In that sense, having too many threat feeds is almost as bad as not having any at all. Unless you have some way of managing that information, there is just too much noise to identify the relevant attack reports and create actionable threat intelligence. The ThreatConnect platform is designed to focus those disparate feeds and information on just those threats that pose a real danger, and can even trigger automatic responses against the most dangerous attacks.

ThreatConnect can be installed on premises, or within a private or public cloud. There are different versions of the product including TC Complete, which gives users full access to both management and response capabilities, and TC Identify, which only consolidates and manages the threat feeds. For this article, an instance of TC Complete running within a private cloud was tested.

Main dashboard

The main dashboard for TC Complete gives an overview of threats tracked by feeds that an organization subscribes to, and any specific actions taken by ThreatConnect regarding them. The main program comes with many public feeds already in place and ready to be monitored, plus a specific feed generated by ThreatConnect. Users can add an unlimited number of other feeds to ThreatConnect without affecting their pricing, which is based on which version of the program they are using and how many external programs, like SIEMs, attach to it.

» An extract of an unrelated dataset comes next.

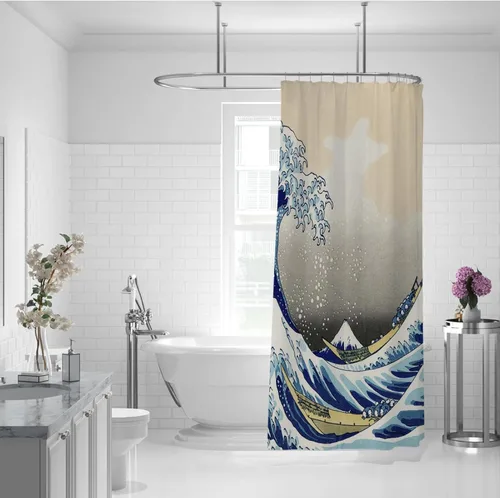 Miniatura 2 de Cortina de ducha con estampado de pintura de Van Gogh, estilo japonés, Hokusai The Great Wave Off Kanagawa, cortinas de ducha para baño, calidad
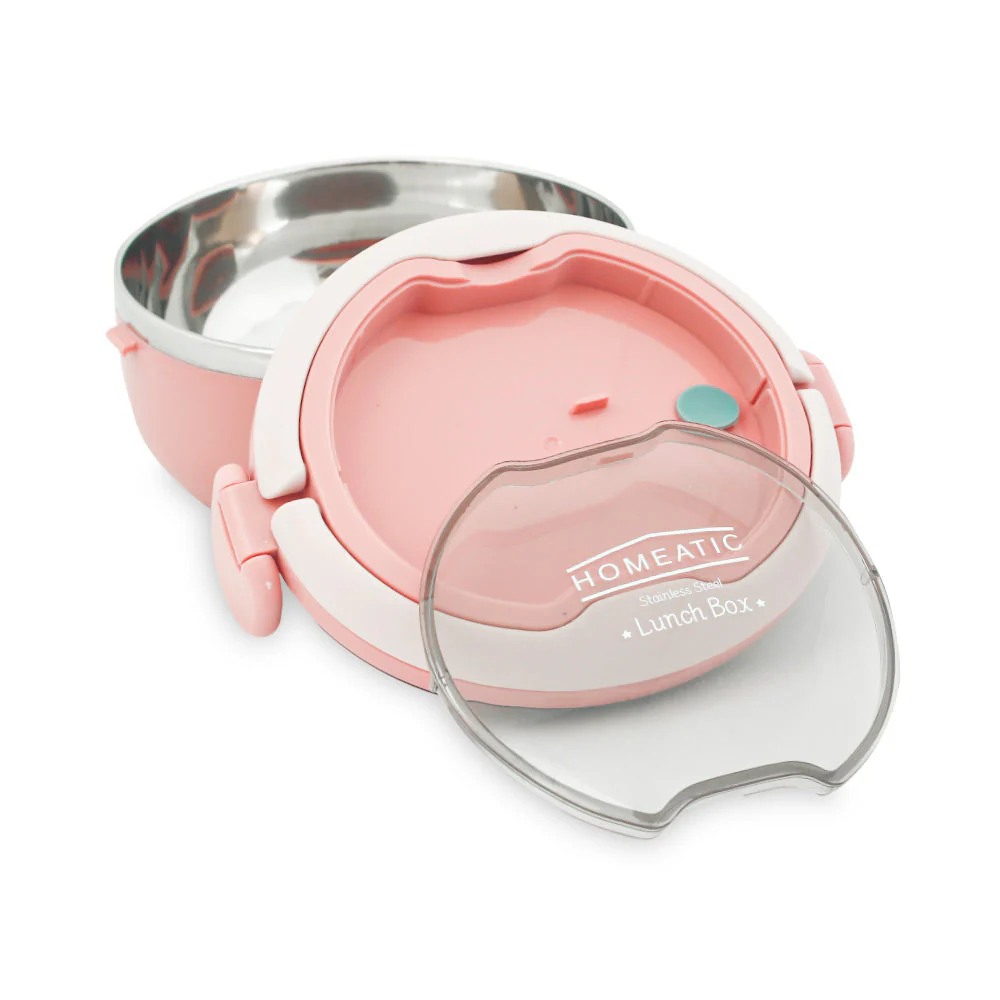 Homeatic Stainless Steel Lunch Box W/Spoon 750Ml Pink - Image 3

ThreatConnect main dashboard John Breeden/IDG

The main dashboard for the ThreatConnect Platform provides a graphical look at all the threats, and potential threats, affecting a host organization.

Users probably won’t spend too much time in the main dashboard before diving deeper into the management portion of the program. Analysts will likely spend much of their time browsing the consolidated lists of threats, which can be sorted in several ways to make them more digestible. Specific threats can also be flagged and highlighted, which is helpful for collaboration efforts and can be used later to set up various automatic triggers if elements of those threats are detected interacting with the protected network.

Use cases

There are likely two potential main use cases for ThreatConnect. First, it would be a great tool for quickly learning more about specific threats that are hitting a network. For example, if a new type of attack hit the SIEM or firewall, analysts could query ThreatConnect to see if any of their subscribed feeds knows more about it. More valuable would be using the platform proactively, learning about threats that are targeting specific industries or equipment, and learning how to build up defenses against relevant ones before they strike.